_Listed records:_
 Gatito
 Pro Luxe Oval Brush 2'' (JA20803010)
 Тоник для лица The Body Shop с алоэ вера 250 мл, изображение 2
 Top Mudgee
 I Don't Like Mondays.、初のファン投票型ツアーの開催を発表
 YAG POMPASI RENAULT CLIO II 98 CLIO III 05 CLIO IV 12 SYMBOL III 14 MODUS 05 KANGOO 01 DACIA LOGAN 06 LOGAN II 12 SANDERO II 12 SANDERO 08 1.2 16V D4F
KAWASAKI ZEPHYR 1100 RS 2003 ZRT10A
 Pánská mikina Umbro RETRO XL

* * *

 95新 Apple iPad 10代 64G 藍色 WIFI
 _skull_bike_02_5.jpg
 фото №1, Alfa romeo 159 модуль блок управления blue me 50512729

...

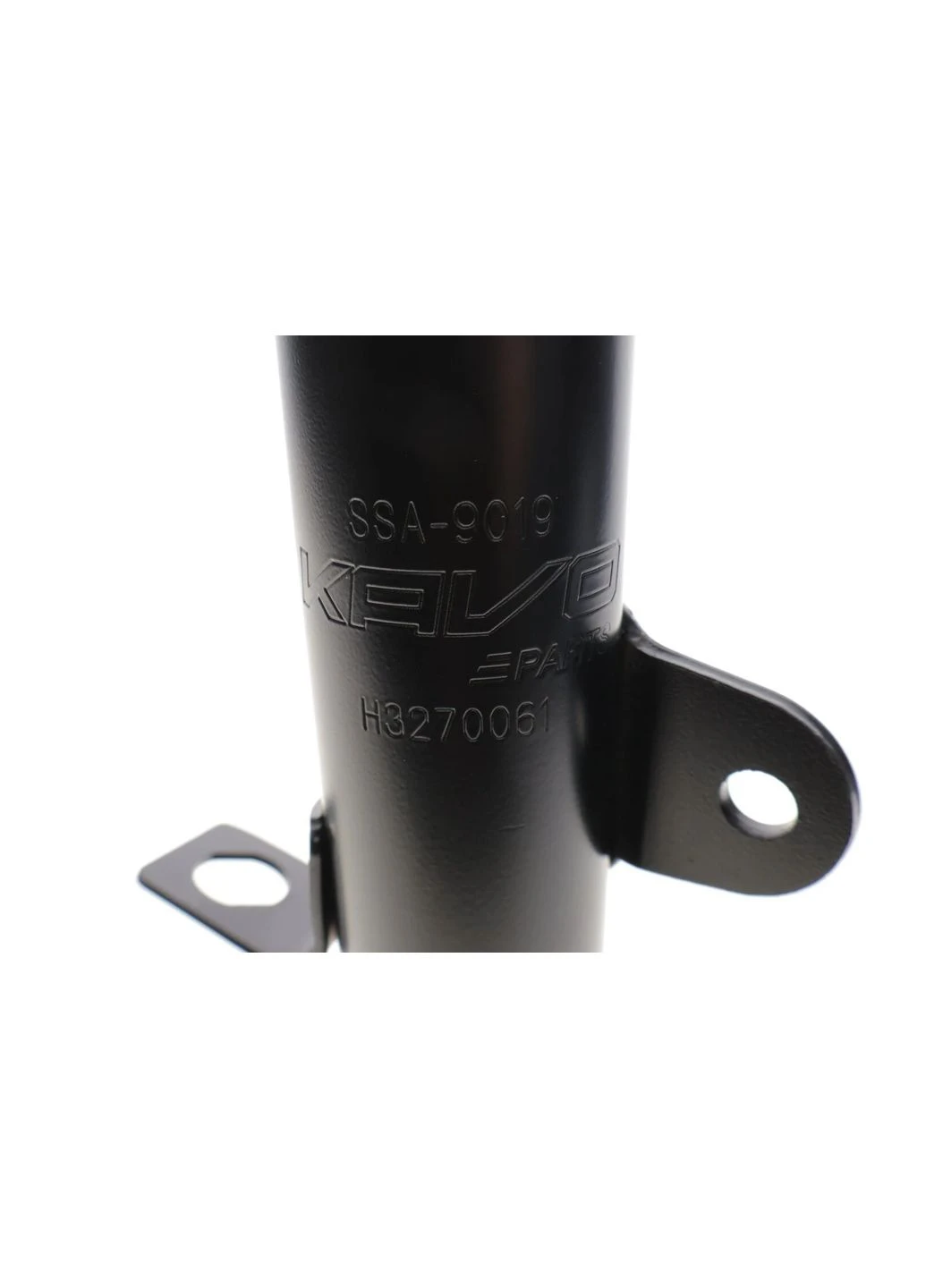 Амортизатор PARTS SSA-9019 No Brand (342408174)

_Problem to work on:_ Produce a word-for-word copy of everything above from the line holding "KAWASAKI ZEPHYR 1100 RS 2003 ZRT10A" down to the line holding "Pánská mikina Umbro RETRO XL", with both of those lines kept.

_Response to the exercise:_
KAWASAKI ZEPHYR 1100 RS 2003 ZRT10A
 Pánská mikina Umbro RETRO XL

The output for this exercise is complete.